The Problem With Manually Hooking Up Status Page Alerts

Third-party vendor alerts originate from data sources that are outside your control. Even if you manage to find and hook up 100 RSS feeds to your Slack, the end result does not work as you expect it to.

Heterogeneous Alert Sources

Some status pages have RSS feeds, some have webhooks, some have email alerts, some have no way to subscribe to alerts at all. There is no way to pipe these into a single channel of your choice.

No Standardized Incident Formats

Different status pages have different formats, so a custom parser you might want to write for one vendor will not work for another. Vendors using the same status page provider have the same format, but there are many such providers.

Noisy Services

Many global services have ongoing maintenances at regional datacenters, leading to a lot of noise if you subscribe to the status page updates.
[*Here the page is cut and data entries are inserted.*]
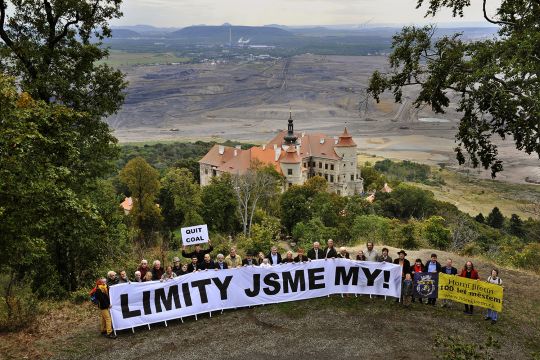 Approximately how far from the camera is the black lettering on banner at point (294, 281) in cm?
1575

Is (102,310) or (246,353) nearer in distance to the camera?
(246,353)

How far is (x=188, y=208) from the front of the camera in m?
54.1

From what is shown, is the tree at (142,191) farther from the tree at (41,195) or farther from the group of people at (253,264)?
the group of people at (253,264)

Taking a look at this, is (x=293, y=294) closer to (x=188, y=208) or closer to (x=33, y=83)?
(x=33, y=83)

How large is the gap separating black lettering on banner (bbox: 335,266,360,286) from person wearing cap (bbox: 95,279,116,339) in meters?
6.72

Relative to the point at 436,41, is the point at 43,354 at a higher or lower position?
lower

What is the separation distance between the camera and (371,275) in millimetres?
15992

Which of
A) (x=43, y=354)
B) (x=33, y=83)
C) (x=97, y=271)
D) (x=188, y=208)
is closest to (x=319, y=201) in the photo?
(x=188, y=208)

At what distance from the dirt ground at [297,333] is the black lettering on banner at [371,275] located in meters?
0.53

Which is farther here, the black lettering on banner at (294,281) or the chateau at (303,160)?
the chateau at (303,160)

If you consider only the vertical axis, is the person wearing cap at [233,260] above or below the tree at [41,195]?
below

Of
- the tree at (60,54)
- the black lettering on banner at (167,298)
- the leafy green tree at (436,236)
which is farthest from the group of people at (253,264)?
the leafy green tree at (436,236)

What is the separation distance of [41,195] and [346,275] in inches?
354

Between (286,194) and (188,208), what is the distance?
1117 cm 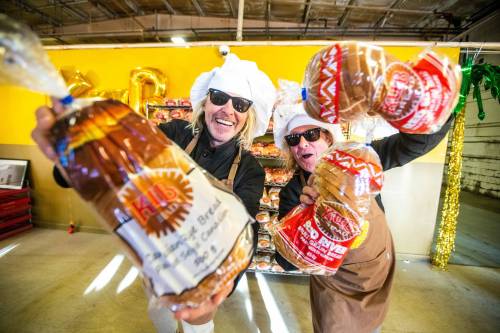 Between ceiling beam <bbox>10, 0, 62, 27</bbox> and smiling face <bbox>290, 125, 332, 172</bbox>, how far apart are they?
22.5 feet

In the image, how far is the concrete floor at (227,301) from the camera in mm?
2197

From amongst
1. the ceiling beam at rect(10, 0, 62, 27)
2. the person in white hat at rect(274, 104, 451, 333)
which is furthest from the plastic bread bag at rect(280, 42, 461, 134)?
the ceiling beam at rect(10, 0, 62, 27)

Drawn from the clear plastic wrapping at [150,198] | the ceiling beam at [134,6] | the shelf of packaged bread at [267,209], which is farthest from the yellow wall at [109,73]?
the clear plastic wrapping at [150,198]

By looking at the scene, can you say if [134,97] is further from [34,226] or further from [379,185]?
[379,185]

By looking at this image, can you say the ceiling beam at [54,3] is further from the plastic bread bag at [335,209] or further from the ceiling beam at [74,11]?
the plastic bread bag at [335,209]

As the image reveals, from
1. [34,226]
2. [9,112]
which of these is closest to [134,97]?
[9,112]

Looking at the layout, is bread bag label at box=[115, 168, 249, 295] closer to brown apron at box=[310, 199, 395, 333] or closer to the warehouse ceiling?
brown apron at box=[310, 199, 395, 333]

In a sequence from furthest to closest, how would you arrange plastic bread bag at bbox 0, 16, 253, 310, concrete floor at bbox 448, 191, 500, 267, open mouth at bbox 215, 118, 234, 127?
concrete floor at bbox 448, 191, 500, 267 < open mouth at bbox 215, 118, 234, 127 < plastic bread bag at bbox 0, 16, 253, 310

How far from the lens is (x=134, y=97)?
3652 millimetres

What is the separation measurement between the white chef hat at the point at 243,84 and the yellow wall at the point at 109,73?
2.55 m

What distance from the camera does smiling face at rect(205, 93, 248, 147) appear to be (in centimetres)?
119

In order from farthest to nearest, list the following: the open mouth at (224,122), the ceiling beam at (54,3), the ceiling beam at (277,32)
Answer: the ceiling beam at (277,32)
the ceiling beam at (54,3)
the open mouth at (224,122)

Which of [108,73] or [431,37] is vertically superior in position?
[431,37]

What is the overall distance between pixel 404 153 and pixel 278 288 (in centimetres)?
241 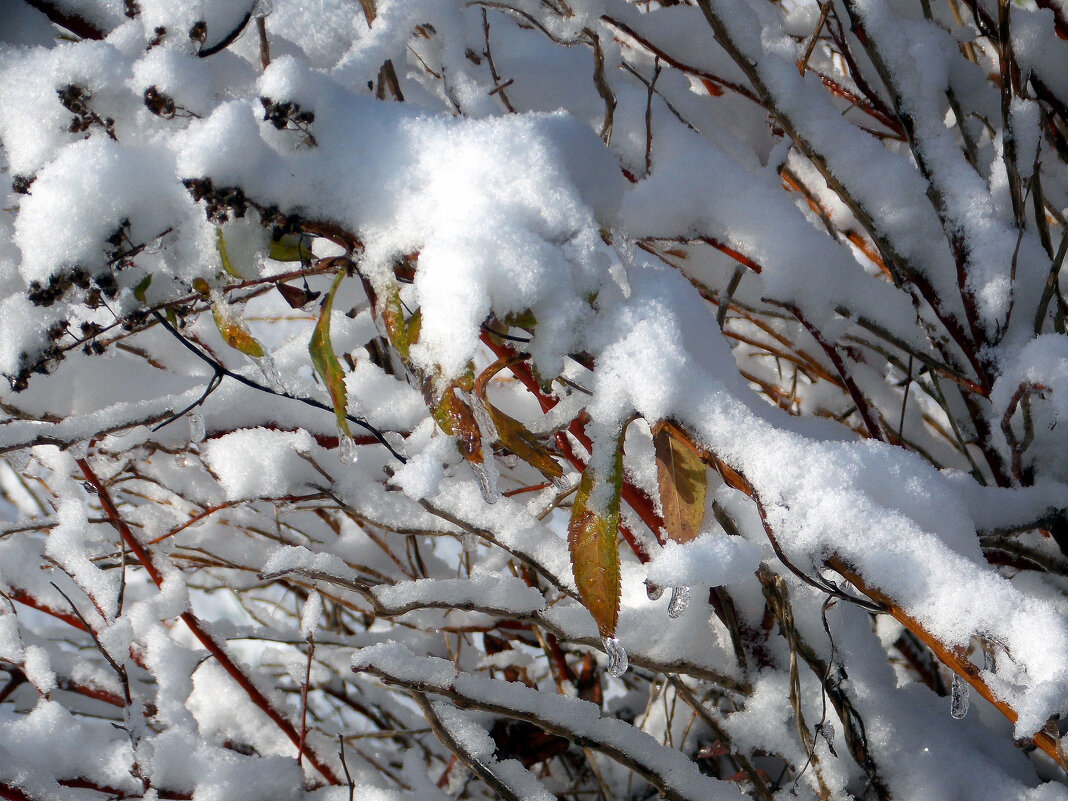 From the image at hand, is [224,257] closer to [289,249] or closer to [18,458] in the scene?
[289,249]

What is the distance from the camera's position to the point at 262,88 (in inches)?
23.1

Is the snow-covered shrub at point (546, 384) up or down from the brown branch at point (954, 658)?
up

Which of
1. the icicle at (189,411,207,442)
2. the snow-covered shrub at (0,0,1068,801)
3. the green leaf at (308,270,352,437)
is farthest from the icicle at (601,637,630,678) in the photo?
the icicle at (189,411,207,442)

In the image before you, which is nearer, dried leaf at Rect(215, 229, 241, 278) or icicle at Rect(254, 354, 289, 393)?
dried leaf at Rect(215, 229, 241, 278)

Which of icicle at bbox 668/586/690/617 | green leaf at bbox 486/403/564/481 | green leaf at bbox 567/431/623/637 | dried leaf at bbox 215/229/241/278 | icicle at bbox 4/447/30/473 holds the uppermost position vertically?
dried leaf at bbox 215/229/241/278

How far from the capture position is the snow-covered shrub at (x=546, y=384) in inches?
23.5

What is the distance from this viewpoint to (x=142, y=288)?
0.67 m

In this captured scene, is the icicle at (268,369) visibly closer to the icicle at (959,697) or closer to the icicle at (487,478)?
the icicle at (487,478)

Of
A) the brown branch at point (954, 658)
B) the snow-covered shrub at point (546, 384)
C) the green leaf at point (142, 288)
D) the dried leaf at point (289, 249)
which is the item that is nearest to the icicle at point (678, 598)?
the snow-covered shrub at point (546, 384)

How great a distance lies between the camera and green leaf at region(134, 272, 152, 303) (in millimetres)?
659

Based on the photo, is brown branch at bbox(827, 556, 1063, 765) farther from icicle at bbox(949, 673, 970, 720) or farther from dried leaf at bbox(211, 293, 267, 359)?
dried leaf at bbox(211, 293, 267, 359)

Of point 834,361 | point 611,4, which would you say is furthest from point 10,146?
point 834,361

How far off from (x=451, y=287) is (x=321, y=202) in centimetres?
15

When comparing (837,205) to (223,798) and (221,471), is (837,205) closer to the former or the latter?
(221,471) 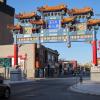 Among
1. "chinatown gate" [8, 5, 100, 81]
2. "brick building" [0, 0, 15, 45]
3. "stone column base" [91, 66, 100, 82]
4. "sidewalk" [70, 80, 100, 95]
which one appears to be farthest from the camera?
"brick building" [0, 0, 15, 45]

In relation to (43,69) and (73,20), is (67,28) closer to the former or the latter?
(73,20)

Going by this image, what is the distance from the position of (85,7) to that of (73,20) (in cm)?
257

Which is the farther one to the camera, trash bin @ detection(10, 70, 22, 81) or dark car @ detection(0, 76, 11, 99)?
trash bin @ detection(10, 70, 22, 81)

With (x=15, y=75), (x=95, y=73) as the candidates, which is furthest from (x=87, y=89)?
(x=15, y=75)

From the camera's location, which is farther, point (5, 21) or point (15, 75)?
point (5, 21)

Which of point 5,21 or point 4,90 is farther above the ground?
point 5,21

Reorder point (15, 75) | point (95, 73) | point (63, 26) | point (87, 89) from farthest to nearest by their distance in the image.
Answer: point (15, 75)
point (63, 26)
point (95, 73)
point (87, 89)

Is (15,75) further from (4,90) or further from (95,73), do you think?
(4,90)

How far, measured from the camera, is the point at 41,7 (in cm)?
5622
Status Page Alerts are All or Nothing

Subscribing to status page alerts sends you all updates for an incident, irrespective of whether they are relevant to you or not. An incident can have 10+ updates between start and resolution.

Real-Time Alerts With Sophisticated Filtering

IncidentHub gives you fine-grained control over which vendor service components and incident types generate alerts, which alerts reach which teams, in which channel. No more alert fatigue or missed alerts.

Team-based Alert Routing

Different services need different responders. Route AWS infrastructure outages to your platform team's PagerDuty service, Stripe incidents to payments on-call, and Twilio failures to communications engineers on Slack - each with their own escalation chains.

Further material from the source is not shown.